In [49]:
import pandas as pd
import ast
import os
from scipy.sparse import dok_matrix, save_npz
import json
import numpy as np
OUTPUT_FOLDER = "./output/MSigDB_FULL/"
os.makedirs(OUTPUT_FOLDER, exist_ok=True)
MSIGDB = pd.read_csv("../Data/MSigDB/PathwayToGene.tsv", sep="\t")
HUMANNET = pd.read_csv("../Data/HumanNet/HumanNet-GSP.tsv", sep="\t")

In [50]:
# Convert stringified lists to actual lists
MSIGDB["ncbi_gene_ids"] = MSIGDB["ncbi_gene_ids"].apply(ast.literal_eval)
MSIGDB["ncbi_gene_ids"] = MSIGDB["ncbi_gene_ids"].apply(lambda genes: [str(g) for g in genes])

In [51]:

# Get unique genes
all_genes = sorted(set(gene for gene_list in MSIGDB["ncbi_gene_ids"] for gene in gene_list))
# Get unique pathways
all_pathways = MSIGDB["pathway"].tolist()

In [53]:

# Create mappings
gene_to_index = {gene: i for i, gene in enumerate(all_genes)}
pathway_to_index = {pathway: j for j, pathway in enumerate(all_pathways)}
# Define file paths
gene_to_index_path = OUTPUT_FOLDER + "gene_to_index.json"
pathway_to_index_path = OUTPUT_FOLDER + "pathway_to_index.json"

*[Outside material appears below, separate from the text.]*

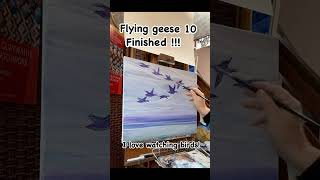 Flying geese 10 artinprogress oilpaintingart oilartist painting oilpainting oilartist paint [upl. by Dirfliw]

# Save gene_to_index mapping
with open(gene_to_index_path, 'w') as gene_file:
    json.dump(gene_to_index, gene_file, indent=4)

# Save drug_to_index mapping
with open(pathway_to_index_path, 'w') as pathway_file:
    json.dump(pathway_to_index, pathway_file, indent=4)
print(f"Mappings saved to {gene_to_index_path} and {pathway_to_index_path}.")


Mappings saved to ./output/MSigDB_FULL/gene_to_index.json and ./output/MSigDB_FULL/pathway_to_index.json.


In [54]:
# Calculate gene degrees in HumanNet
genes_in_humannet = pd.unique(HUMANNET[['Gene1', 'Gene2']].values.ravel())
gene_to_degree = {gene: 0 for gene in genes_in_humannet}

for _, row in HUMANNET.iterrows():
    gene_to_degree[row["Gene1"]] += 1
    gene_to_degree[row["Gene2"]] += 1


In [56]:
# Initialize DOK matrix
binary_incidence_matrix = dok_matrix((len(all_genes), len(all_pathways)), dtype=np.int8)
weighted_incidence_matrix = dok_matrix((len(all_genes), len(all_pathways)), dtype=float)

# Populate the matrix
for _, row in MSIGDB.iterrows():
    j = pathway_to_index[row["pathway"]]
    for gene in row["ncbi_gene_ids"]:
        i = gene_to_index[gene]  # Row index for gene
        binary_incidence_matrix[i, j] = 1  # Binary presence
        weighted_incidence_matrix[i, j] = gene_to_degree.get(gene, 0.01)

# Convert the DOK matrix to CSR format
csr_matrix = weighted_incidence_matrix.tocsr()
binary_csr_matrix = binary_incidence_matrix.tocsr()

# Save the matrix as .npz file
save_npz(OUTPUT_FOLDER + "hypergraph_incidence_matrix_weighted.npz", csr_matrix)
save_npz(OUTPUT_FOLDER + "hypergraph_incidence_matrix_binary.npz", binary_csr_matrix)

# Print confirmation
print(f"Weighted incidence matrix saved as {OUTPUT_FOLDER}/hypergraph_incidence_matrix_weighted.npz'.")
print(f"Binary incidence matrix saved as {OUTPUT_FOLDER}/hypergraph_incidence_matrix_binary.npz'.")

Weighted incidence matrix saved as ./output/MSigDB_FULL//hypergraph_incidence_matrix_weighted.npz'.
Binary incidence matrix saved as ./output/MSigDB_FULL//hypergraph_incidence_matrix_binary.npz'.